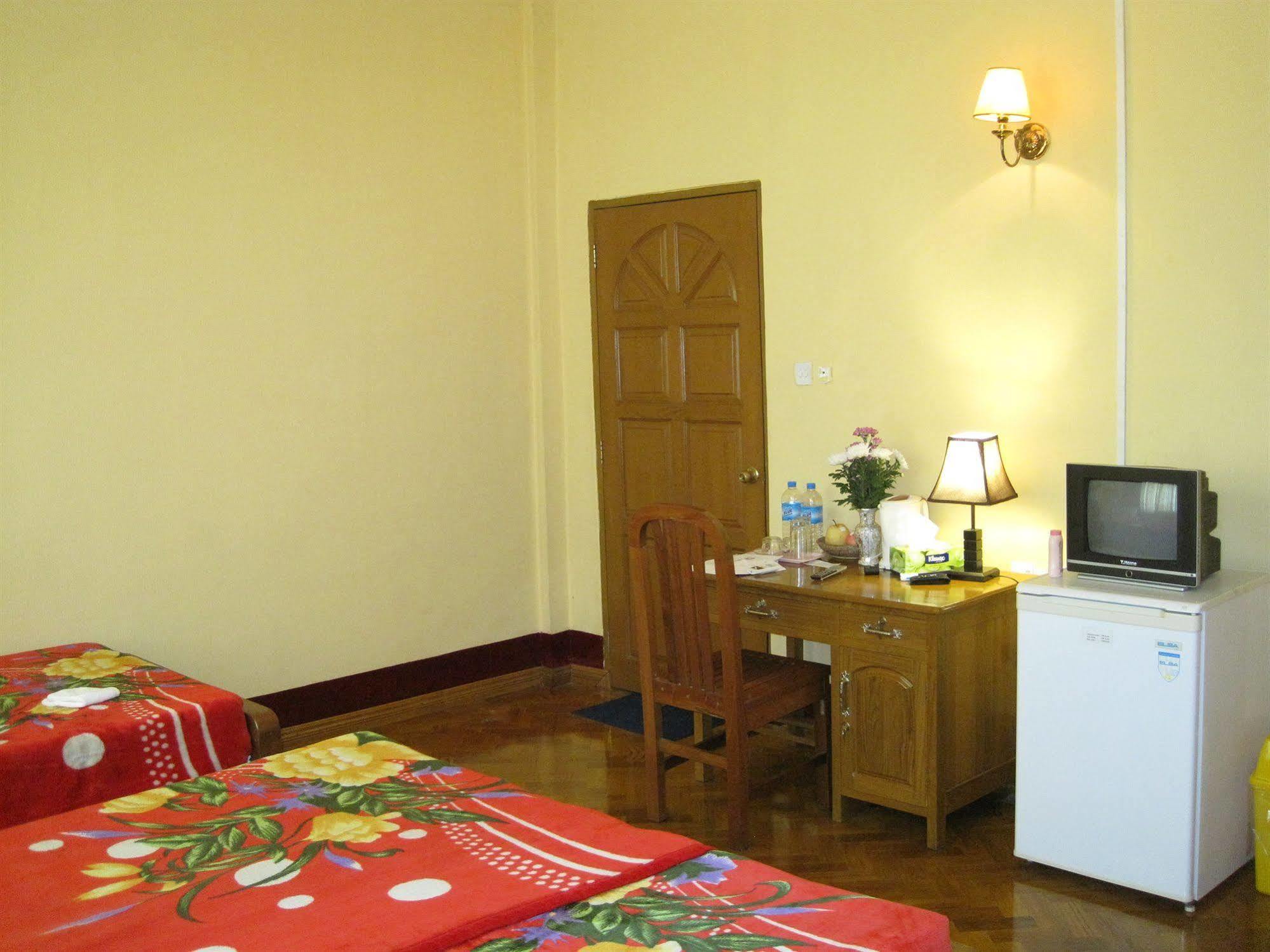Golden Guest Inn Yangon Exterior foto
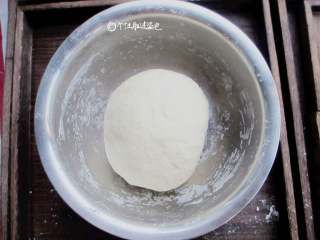 刀切小馒头,将面粉和糖粉混合，将10克温水融合的干酵母慢慢倒入，用筷子搅拌成絮状，然后加入牛奶，一起揉成光滑的面团。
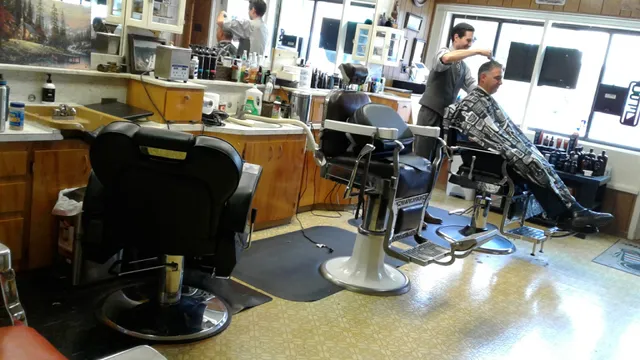 The Barber Mafia (Kurt's Cuts)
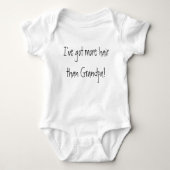 Ik heb meer haar dan opa. Funny baby Romper (Voorkant)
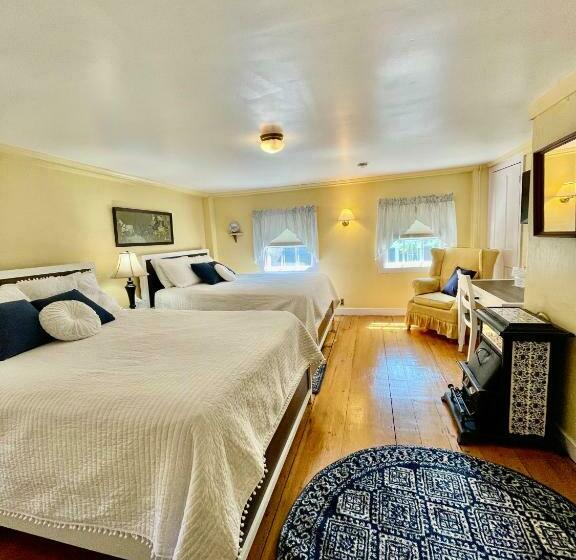 Номер Стандарт, Clark Currier Inn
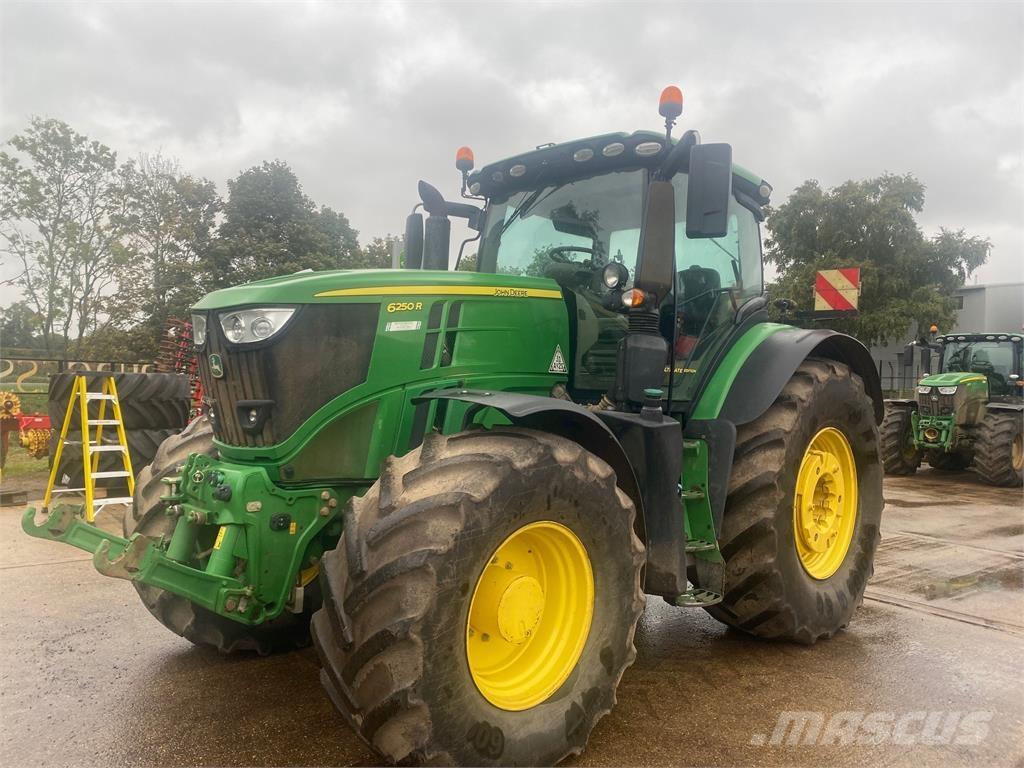 John Deere 6250R Tractores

Work request:
Write the material out again exactly as it appears, dropping the pictures.

Solution for this task:
Golden Guest Inn Yangon Exterior foto
 刀切小馒头,将面粉和糖粉混合，将10克温水融合的干酵母慢慢倒入，用筷子搅拌成絮状，然后加入牛奶，一起揉成光滑的面团。
 The Barber Mafia (Kurt's Cuts)
 Ik heb meer haar dan opa. Funny baby Romper (Voorkant)
 Номер Стандарт, Clark Currier Inn
 John Deere 6250R Tractores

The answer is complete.